[rabbitmq-discuss] Clustering Internals

Tue Mar 22 23:52:34 GMT 2011

Hi Jason,

On Tue, Mar 22, 2011 at 04:21:42PM -0600, Jason J. W. Williams wrote:
> 1.) When a node dies, it used to be that the queue was auto-recreated on
> another node

I don't think that was ever the case...

> and if the downed node rejoined it's queue contents went poof.
> The old contents died but at least you were assured new messages didn't get
> blackholed. Now it looks like the entire queue goes poof...bindings and all.
> It's not recreated until a consumer redeclares and binds it.

What used to happen was:

1. node goes down, all queues on that node disappear.
2. another client, connected to a surviving node, could recreated the
vanished queues, and use them.

This was a bug and we fixed it. The reason that it was a bug was because
when the original node came back up, it could end up thinking that it's
version of a queue, which had since been recreated elsewhere, was now
the canonical version of the queue. What then happened to queue
contents, and in particular the routing of acks, was extremely broken.
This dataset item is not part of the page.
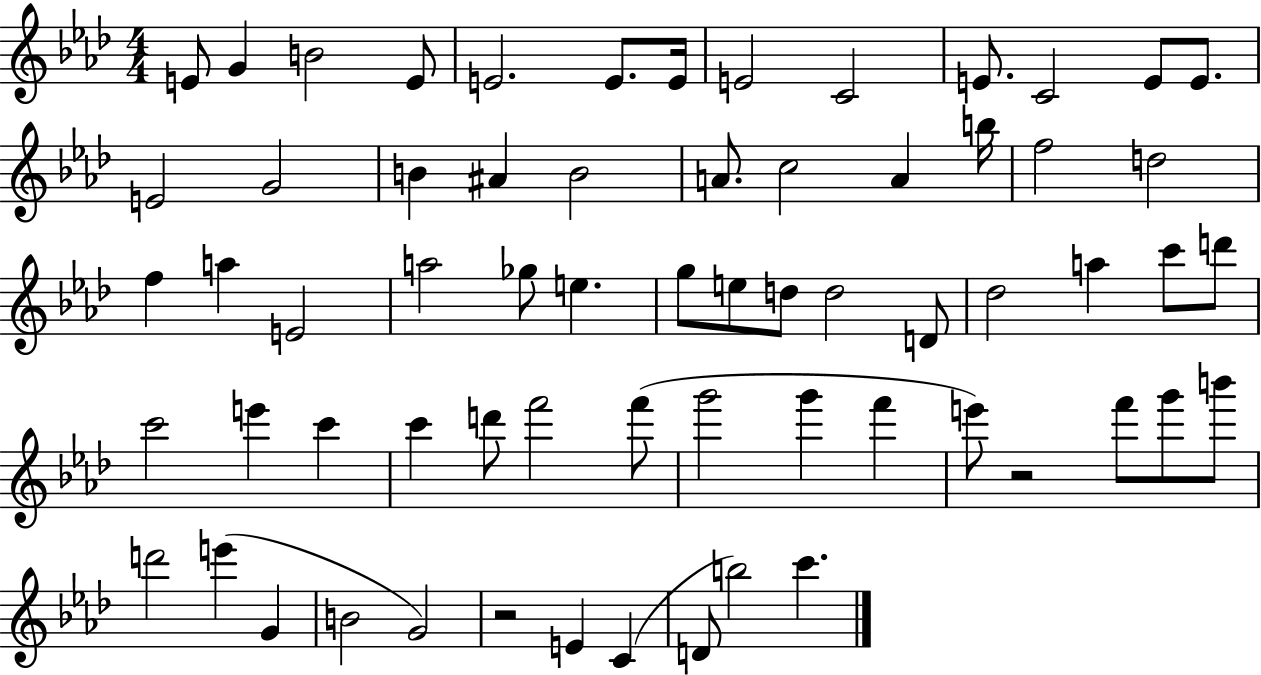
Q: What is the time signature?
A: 4/4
The current behaviour is that in step (2) above, other clients, still
connected to the cluster, will find if they try to redeclare a queue on
a failed node, they get back a 404, but only if the original queue was
durable. If the original queue was not durable then the redeclaration
will succeed and there is no problem. If the original was durable, then
if the failed node comes back up then the queue should spring back to
life, recovering persistent messages off disk as you'd expect.

> 2.) Exchanges to my understanding are differing in that they are fully
> replicated through the cluster.

Correct. Exchanges and bindings are merely rows in mnesia and thus do
not belong or reside on any particular node.
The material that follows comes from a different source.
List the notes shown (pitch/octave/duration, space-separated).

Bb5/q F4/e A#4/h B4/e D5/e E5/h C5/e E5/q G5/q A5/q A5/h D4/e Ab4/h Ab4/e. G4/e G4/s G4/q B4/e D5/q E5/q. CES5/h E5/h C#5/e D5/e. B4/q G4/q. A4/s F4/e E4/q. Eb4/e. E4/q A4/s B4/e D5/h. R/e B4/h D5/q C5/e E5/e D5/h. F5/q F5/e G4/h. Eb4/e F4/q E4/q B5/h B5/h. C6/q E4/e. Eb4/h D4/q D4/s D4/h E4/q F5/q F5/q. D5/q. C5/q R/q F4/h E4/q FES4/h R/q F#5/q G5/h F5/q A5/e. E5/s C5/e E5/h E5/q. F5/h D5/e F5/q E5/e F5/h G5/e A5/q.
> But does this extend to messages in-flight
> in the exchange? If a node dies, do the messages in-flight go poof or do
> other nodes pass them on since the exchange is replicated?
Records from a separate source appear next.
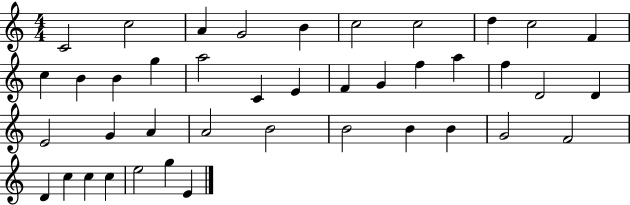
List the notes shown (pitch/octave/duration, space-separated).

C4/h C5/h A4/q G4/h B4/q C5/h C5/h D5/q C5/h F4/q C5/q B4/q B4/q G5/q A5/h C4/q E4/q F4/q G4/q F5/q A5/q F5/q D4/h D4/q E4/h G4/q A4/q A4/h B4/h B4/h B4/q B4/q G4/h F4/h D4/q C5/q C5/q C5/q E5/h G5/q E4/q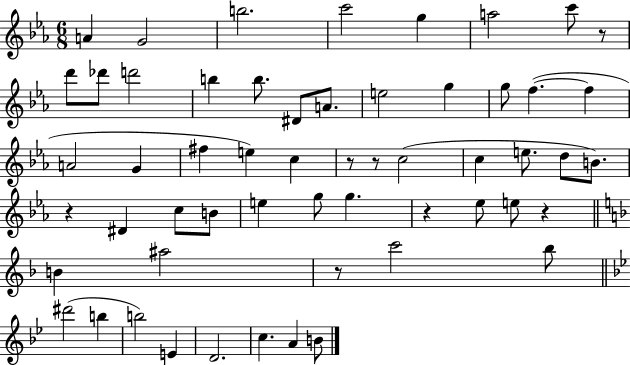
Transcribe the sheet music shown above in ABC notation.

X:1
T:Untitled
M:6/8
L:1/4
K:Eb
A G2 b2 c'2 g a2 c'/2 z/2 d'/2 _d'/2 d'2 b b/2 ^D/2 A/2 e2 g g/2 f f A2 G ^f e c z/2 z/2 c2 c e/2 d/2 B/2 z ^D c/2 B/2 e g/2 g z _e/2 e/2 z B ^a2 z/2 c'2 _b/2 ^d'2 b b2 E D2 c A B/2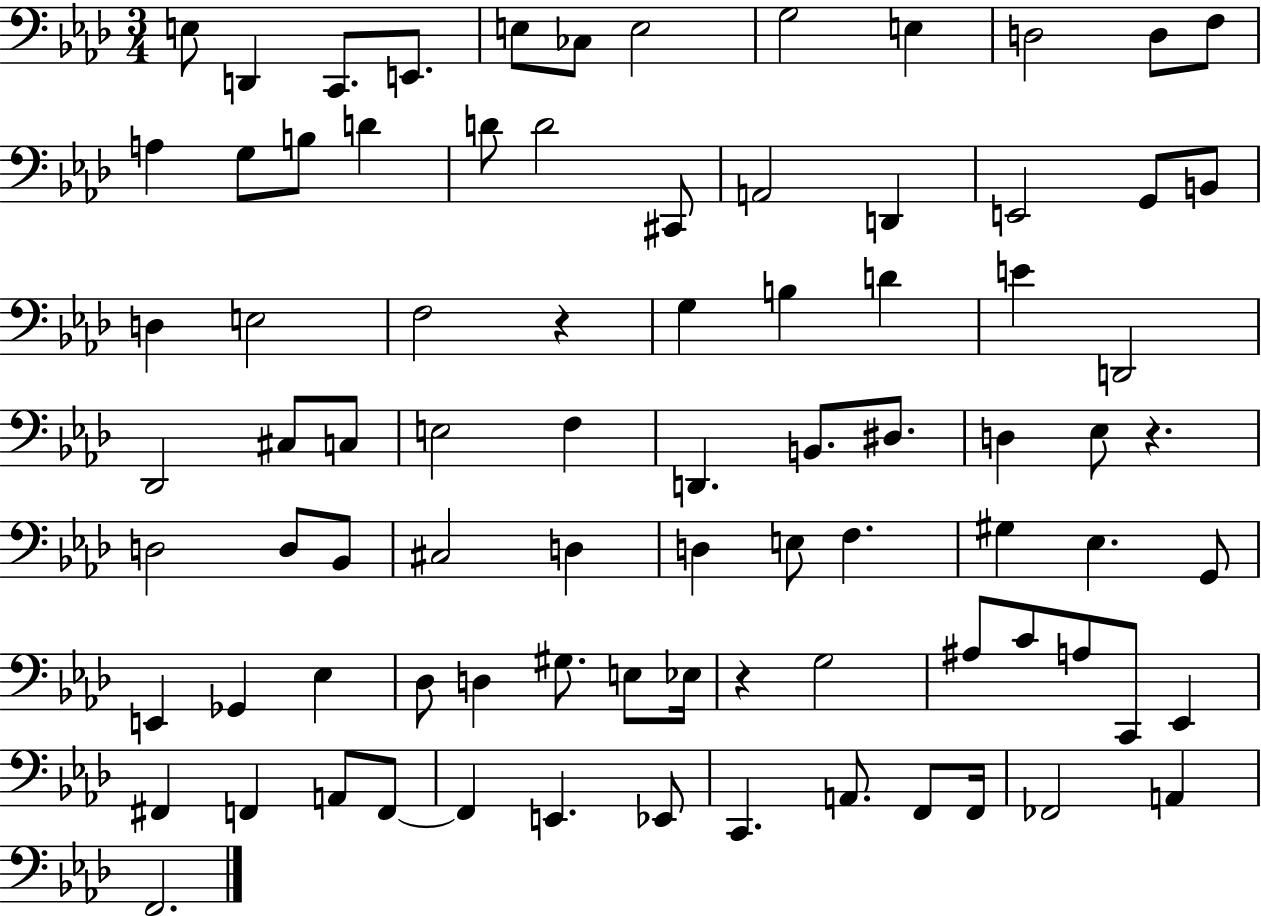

The act of routing a message is that the channel in which the message
has been publishes looks up the Pids of the queues to which the message
is destined. It then sends the message to those Pids. Depending on the
publish mode (e.g. presence or otherwise of flags such as immediate or
mandatory) it may or may not be important as to whether processes
corresponding to those Pids are still alive.

Whilst you can use mandatory to ensure that a message makes it to at
least one queue, and whilst sending a message to an exchange that
doesn't exist will cause a channel error, you can not assert that a
publish message went to the "correct" number of queues: it always goes
to the correct number of queues as determined at the point of routing.
Thus the 0-or-some that mandatory gives you is the best you can hope
for, generally, without significant additional changes to AMQP.

Best wishes,

Matthew